● TASK ITEM: For every entry, output the exact wording.

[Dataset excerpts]

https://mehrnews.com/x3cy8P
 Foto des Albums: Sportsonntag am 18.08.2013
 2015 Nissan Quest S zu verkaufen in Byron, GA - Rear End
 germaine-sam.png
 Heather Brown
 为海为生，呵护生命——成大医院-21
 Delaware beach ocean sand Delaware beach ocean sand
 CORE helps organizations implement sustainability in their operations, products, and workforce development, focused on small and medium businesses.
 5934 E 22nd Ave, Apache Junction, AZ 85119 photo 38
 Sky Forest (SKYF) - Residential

● EXERCISE SOLUTION:
https://mehrnews.com/x3cy8P
 Foto des Albums: Sportsonntag am 18.08.2013
 2015 Nissan Quest S zu verkaufen in Byron, GA - Rear End
 germaine-sam.png
 Heather Brown
 为海为生，呵护生命——成大医院-21
 Delaware beach ocean sand Delaware beach ocean sand
 CORE helps organizations implement sustainability in their operations, products, and workforce development, focused on small and medium businesses.
 5934 E 22nd Ave, Apache Junction, AZ 85119 photo 38
 Sky Forest (SKYF) - Residential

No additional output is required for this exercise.